● WHAT YOU ARE ASKED TO DO
Line by line, set down the records below from the first line through the line containing "تصویر گریس پمپ سطلی 10 کیلوگرم پارس". Omit the pictures.

● INPUT MATERIAL
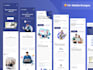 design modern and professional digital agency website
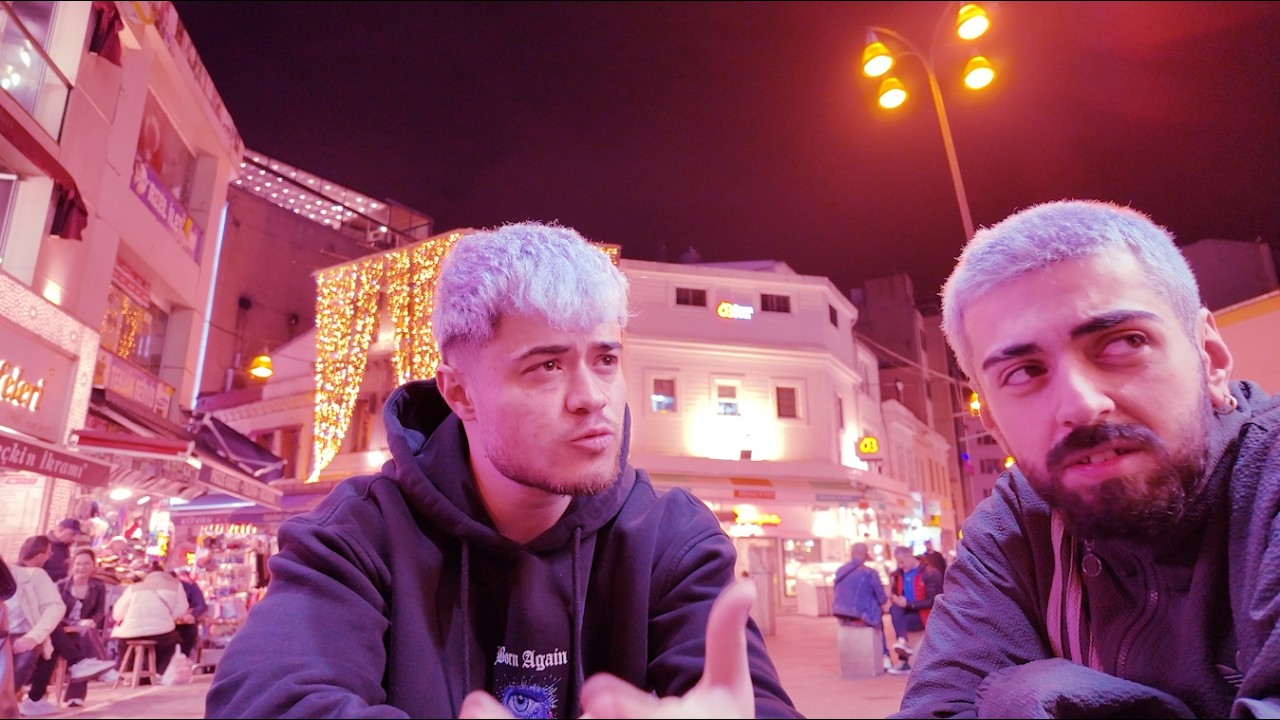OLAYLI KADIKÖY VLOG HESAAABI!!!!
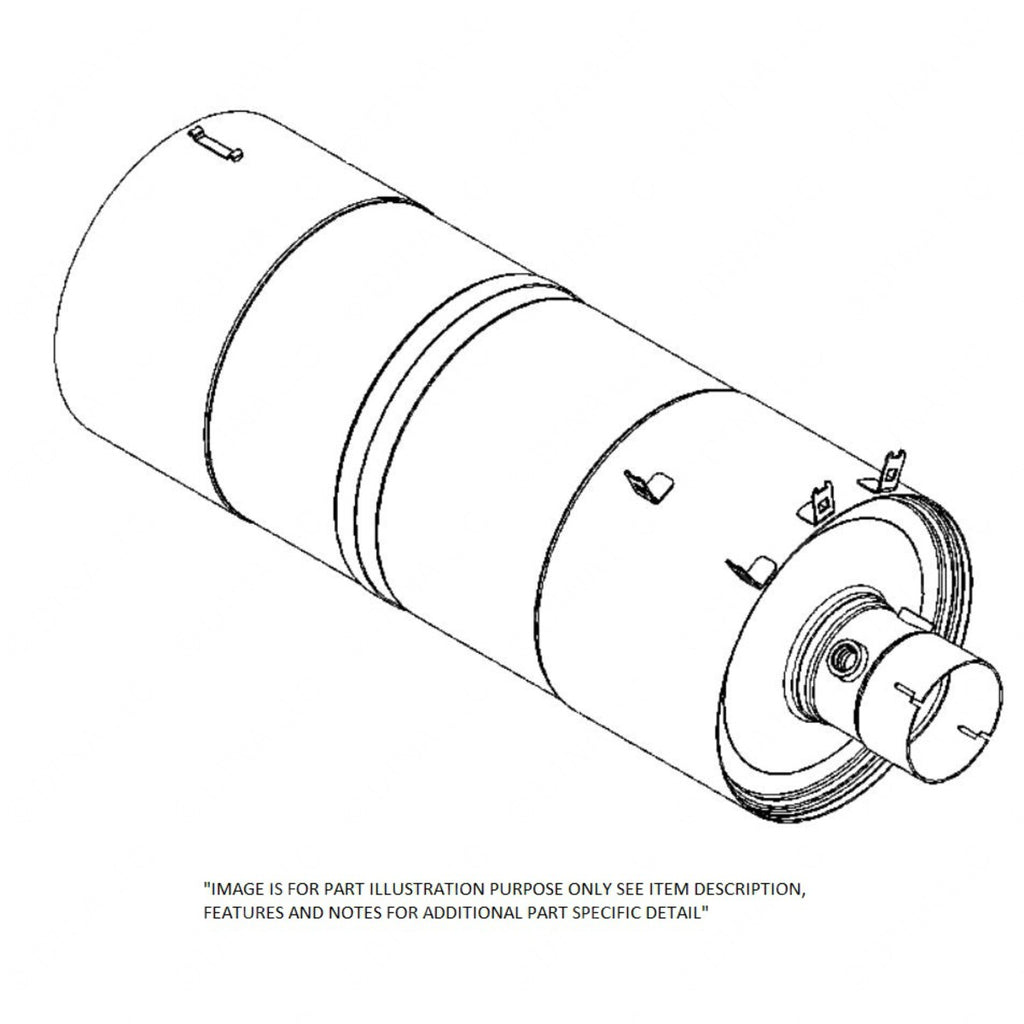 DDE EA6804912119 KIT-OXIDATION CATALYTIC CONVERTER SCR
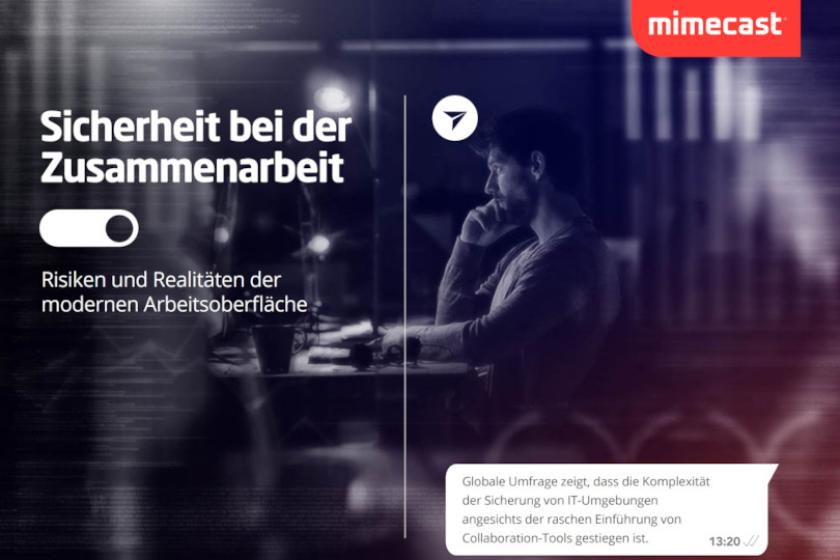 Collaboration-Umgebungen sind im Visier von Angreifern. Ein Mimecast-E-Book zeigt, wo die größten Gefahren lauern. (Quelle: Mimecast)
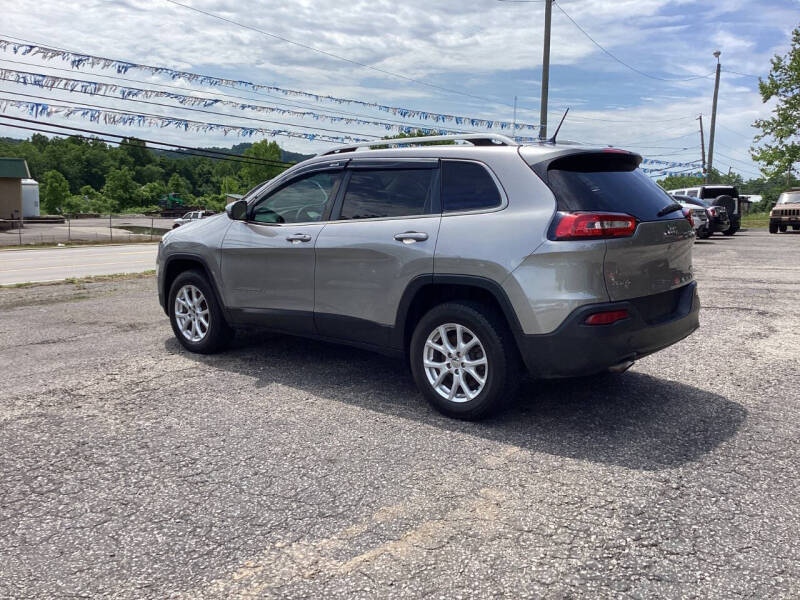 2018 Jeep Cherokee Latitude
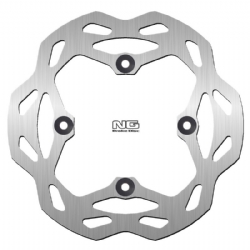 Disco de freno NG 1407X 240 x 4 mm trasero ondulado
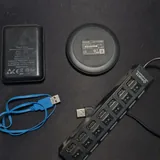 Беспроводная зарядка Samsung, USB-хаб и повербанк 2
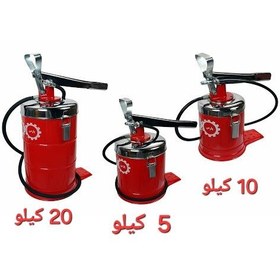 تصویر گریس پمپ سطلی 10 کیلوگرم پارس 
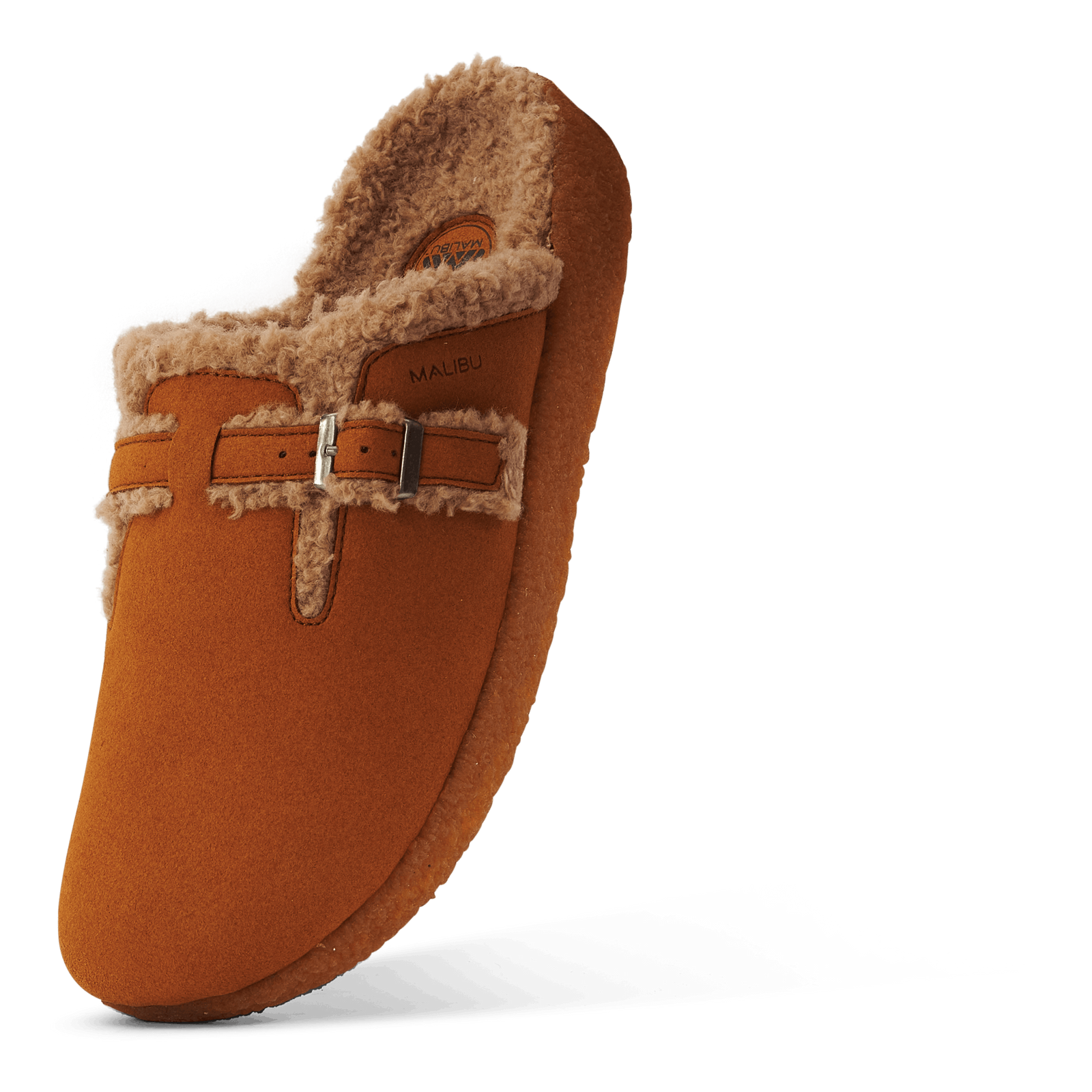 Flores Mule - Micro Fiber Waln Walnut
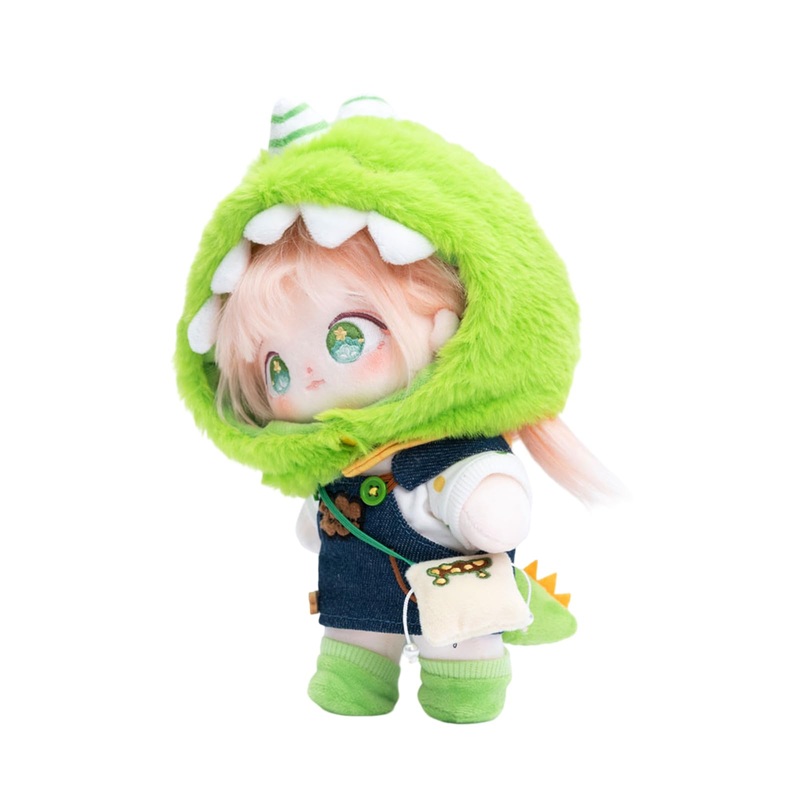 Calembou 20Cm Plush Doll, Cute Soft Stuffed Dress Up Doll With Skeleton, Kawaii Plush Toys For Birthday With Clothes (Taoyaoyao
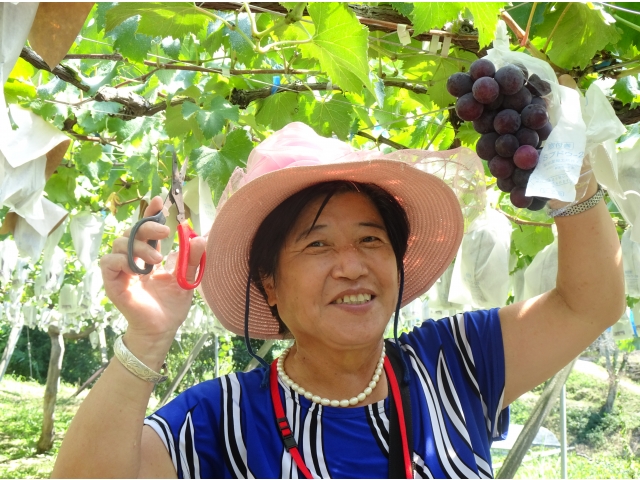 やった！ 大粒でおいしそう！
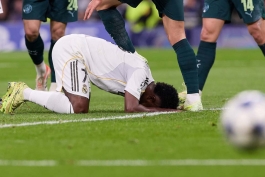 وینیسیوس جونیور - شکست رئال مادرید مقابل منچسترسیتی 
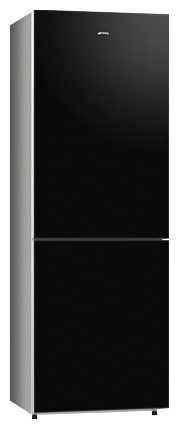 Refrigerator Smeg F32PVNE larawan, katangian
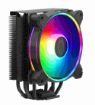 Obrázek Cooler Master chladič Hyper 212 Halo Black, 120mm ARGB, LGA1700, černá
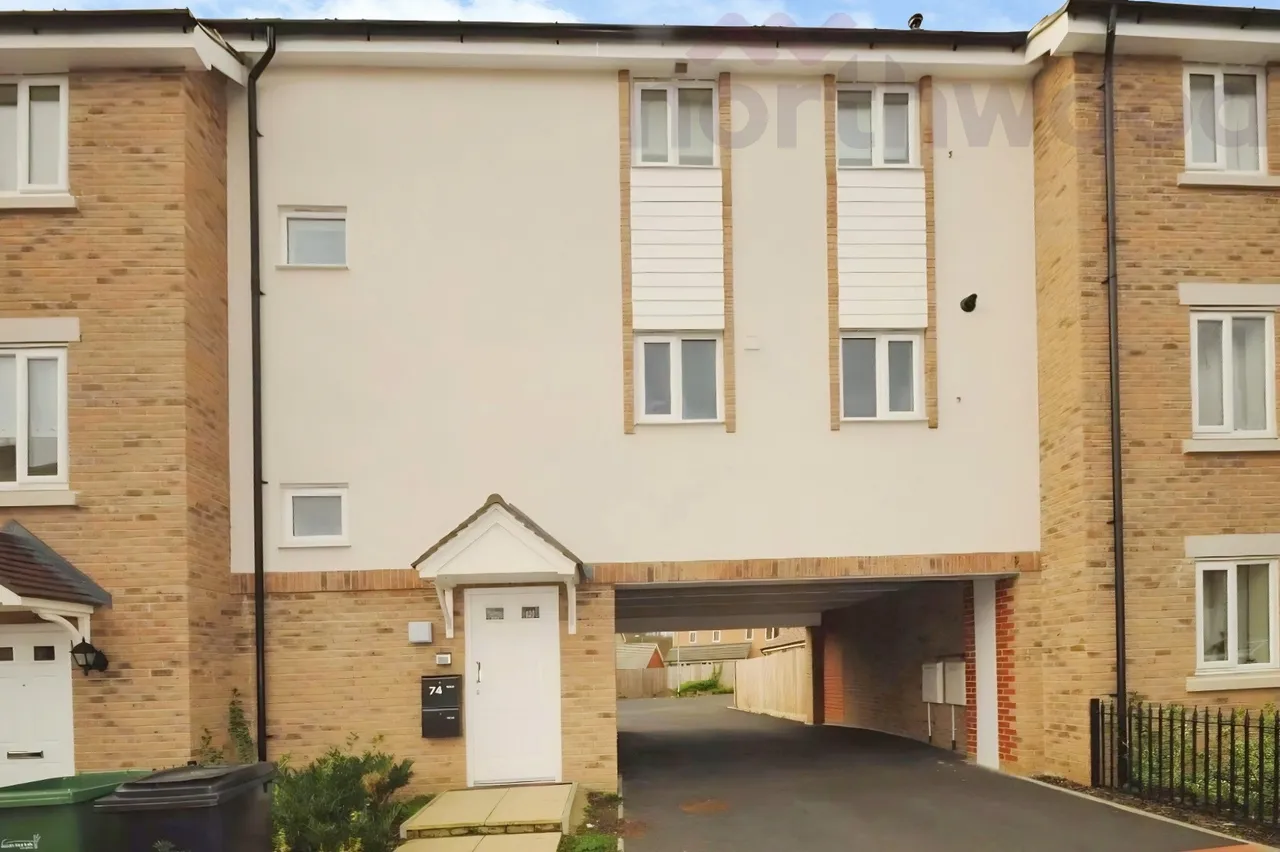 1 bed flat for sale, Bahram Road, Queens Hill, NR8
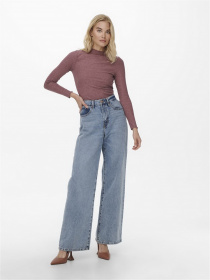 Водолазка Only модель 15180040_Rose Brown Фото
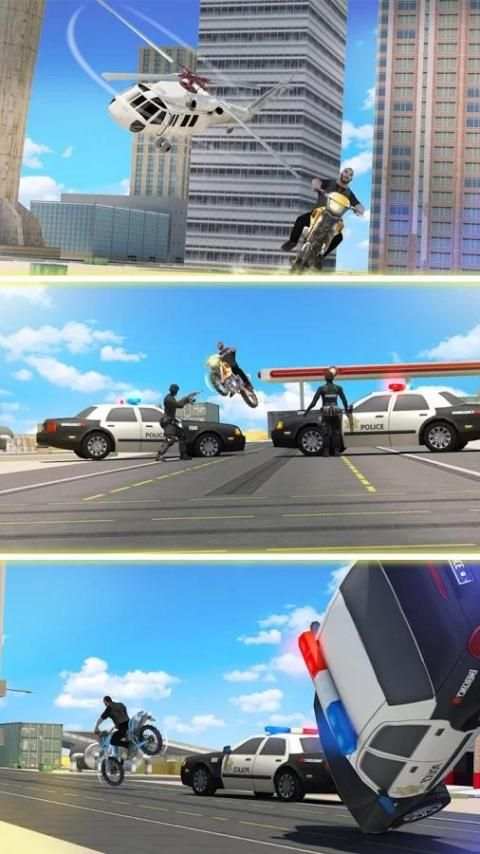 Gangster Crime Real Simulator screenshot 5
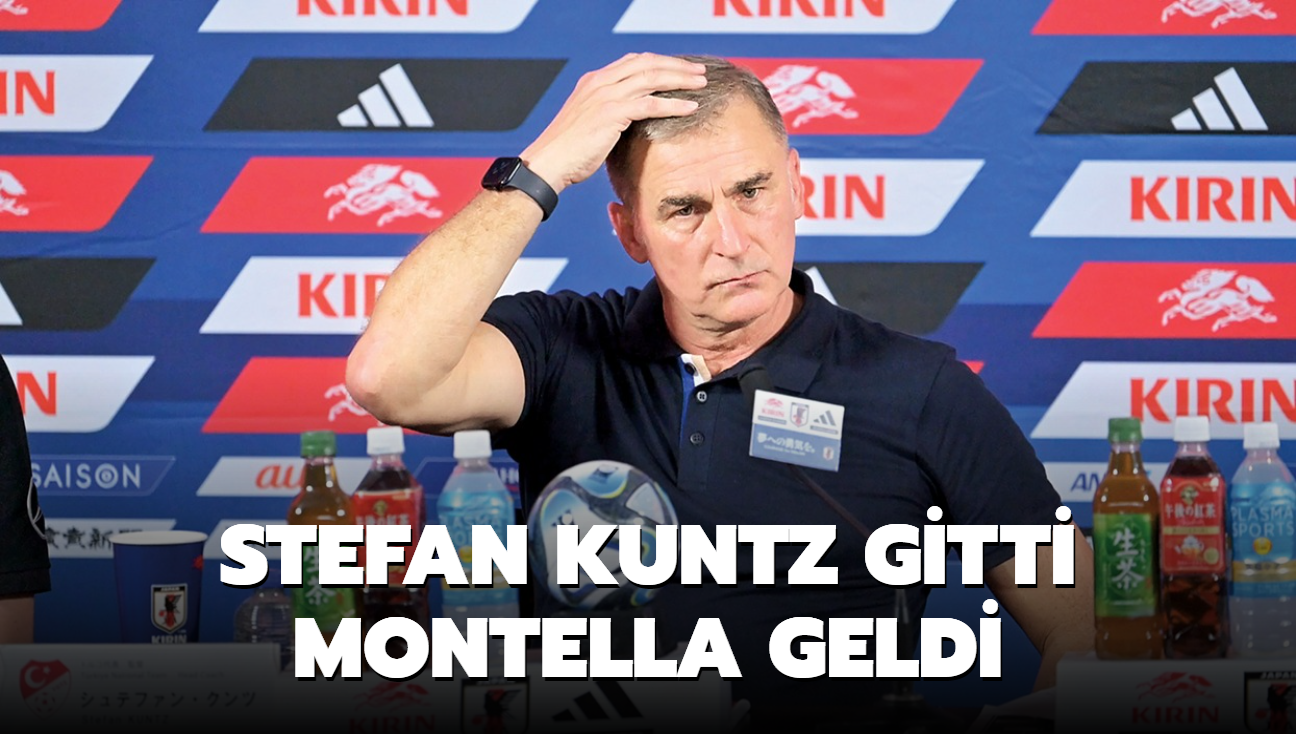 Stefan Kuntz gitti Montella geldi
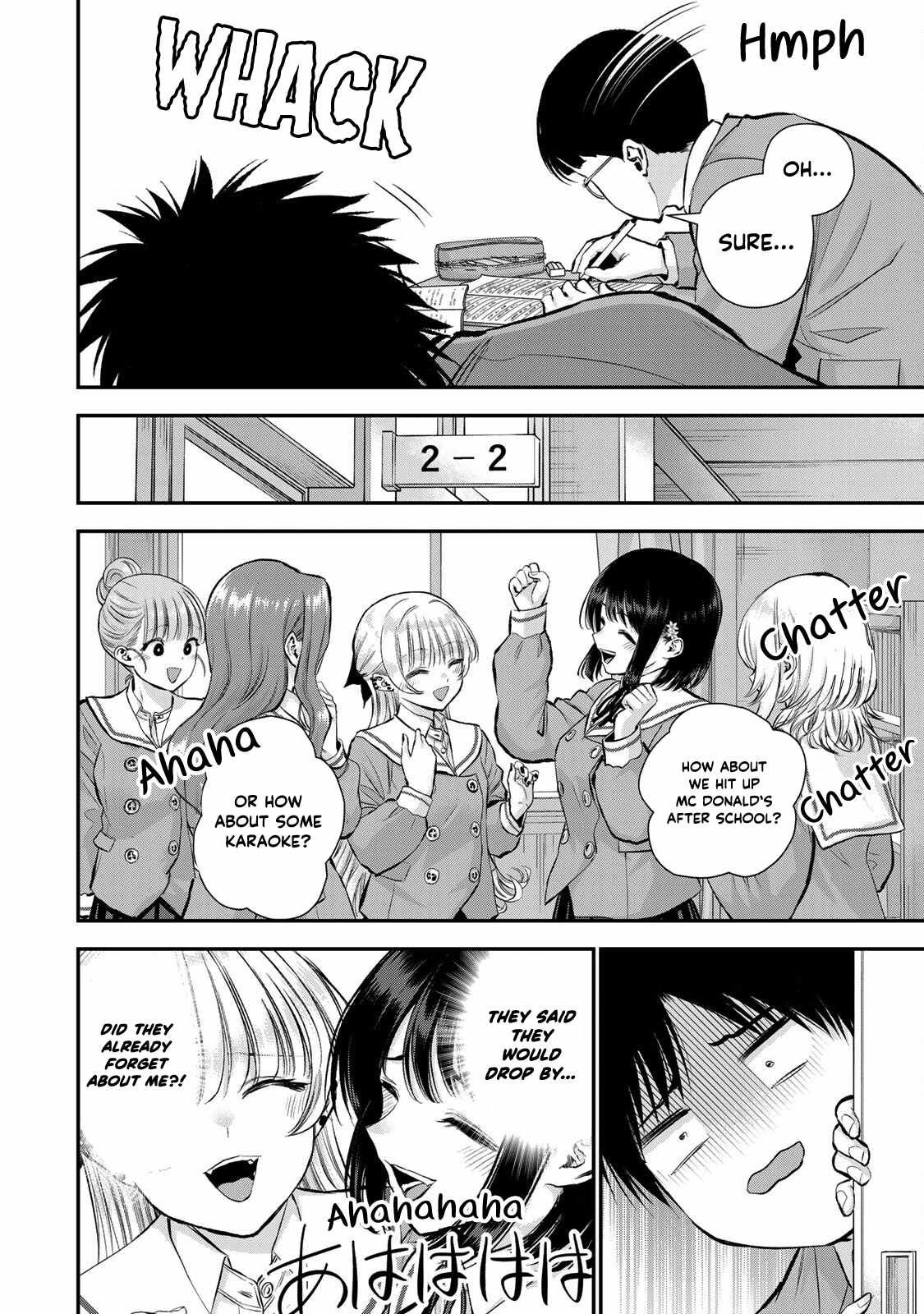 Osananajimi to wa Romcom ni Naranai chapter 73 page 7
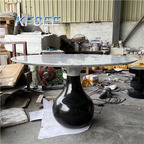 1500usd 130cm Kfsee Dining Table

● TASK SOLUTION
 design modern and professional digital agency website
OLAYLI KADIKÖY VLOG HESAAABI!!!!
 DDE EA6804912119 KIT-OXIDATION CATALYTIC CONVERTER SCR
 Collaboration-Umgebungen sind im Visier von Angreifern. Ein Mimecast-E-Book zeigt, wo die größten Gefahren lauern. (Quelle: Mimecast)
 2018 Jeep Cherokee Latitude
 Disco de freno NG 1407X 240 x 4 mm trasero ondulado
 Беспроводная зарядка Samsung, USB-хаб и повербанк 2
 تصویر گریس پمپ سطلی 10 کیلوگرم پارس 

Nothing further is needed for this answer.